The agreement required Westford selectmen to grant a major commercial project special permit to Richard DeFelice’s Newport Materials, LLC, of Nashua, in return for $8.5 million of concessions to Westford over 20 years.
The agreement did not include the impact of traffic, noise, and soil emissions on Chelmsford neighborhoods even though the 115-acre parcel owned by DeFelice spills into the town. DeFelice wants to build the asphalt plant on about 3 acres of the parcel located at 540 Groton Road, Westford.
The controversial asphalt plant was first proposed in 2009 and denied in April 2010 by the Westford Planning Board. DeFelice appealed the decision in Land Court which remanded the matter back to the Planning Board. The Planning Board again denied the special permit for a major commercial property in April 2016 and DeFelice appealed again. Planning Board members and Westford selectmen then entered into secret negotiations with DeFelice, and in early October reached an agreement that required them to issue the special permit.

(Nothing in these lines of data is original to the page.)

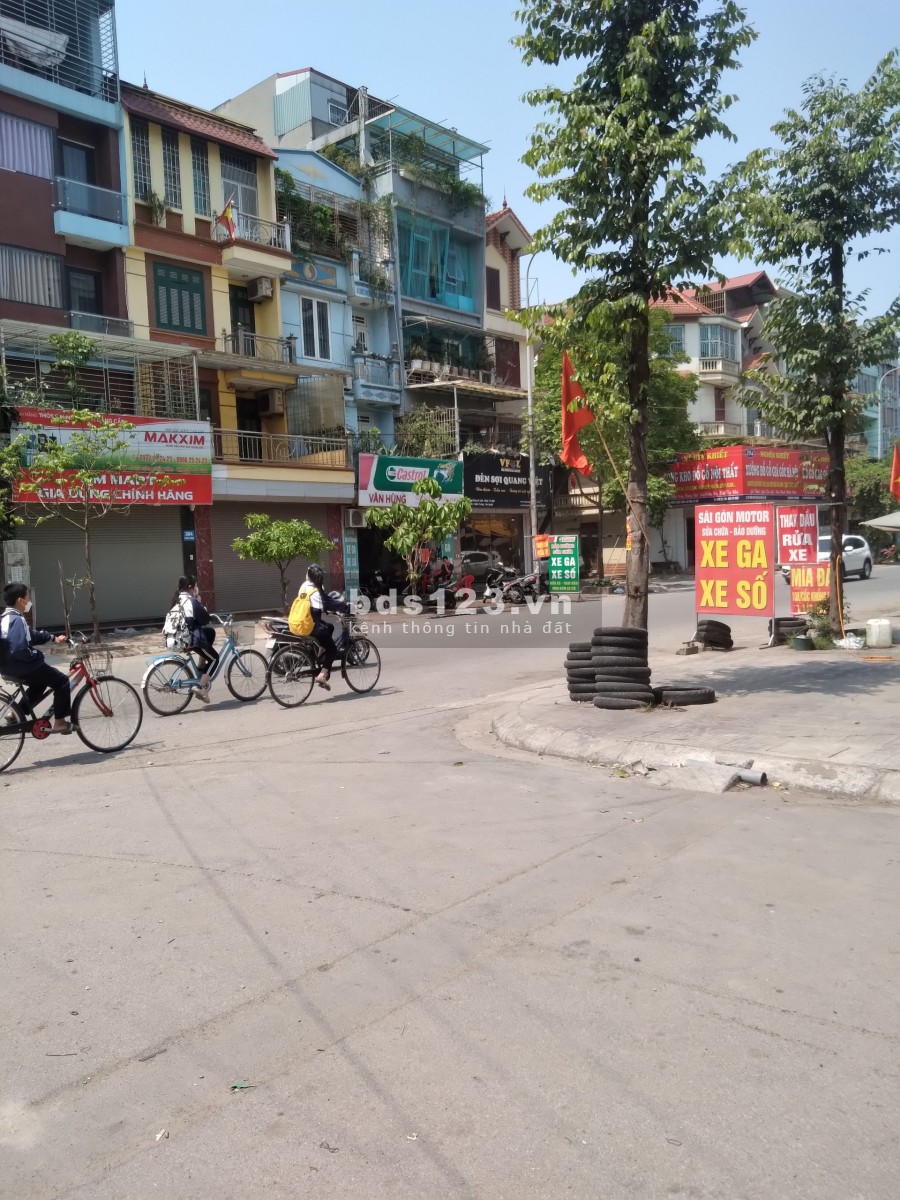 Bán nhà phân lô ô tô tránh, 1 mặt ngõ 1 mặt chợ, kinh doanh khỏi bàn, sổ đỏ chính chủ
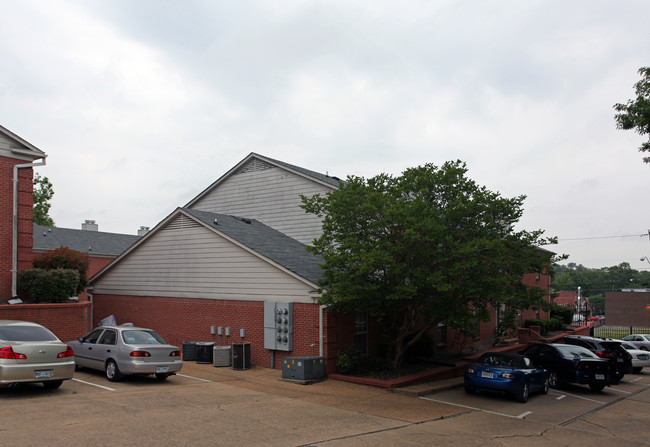 914 Morningside St in Jackson, MS - Building Photo - Building Photo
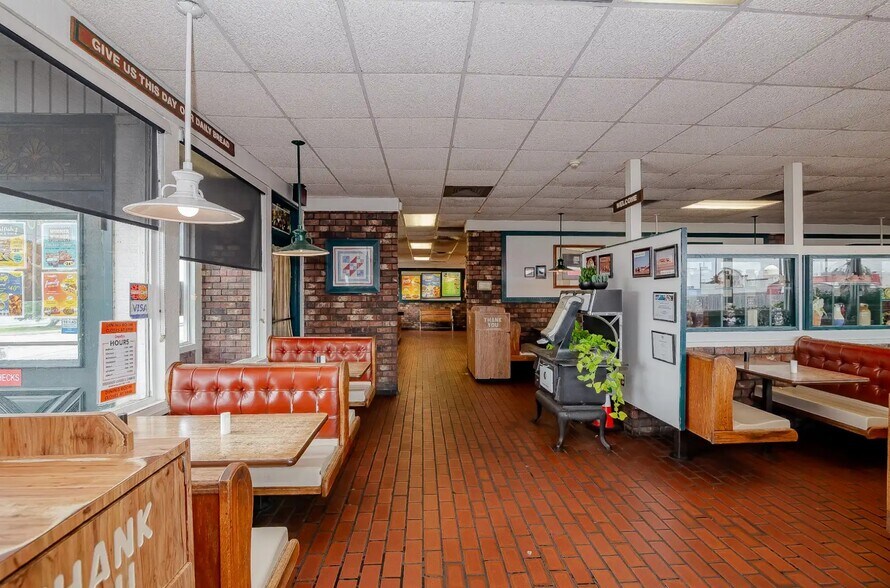 More Photos Of 4201 N Navarro St, Victoria Fast Food For Sale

It is this agreement that the Chelmsford residents, in addition to the Chelmsford selectmen, are appealing.
The eight plaintiffs filed the appeal despite the Chelmsford board’s effort “because the attorney for Chelmsford does not represent us,” stated Plaintiff Larry Sweeney. “It is no different than if each one of us eight hired a different attorney and filed eight different lawsuits…”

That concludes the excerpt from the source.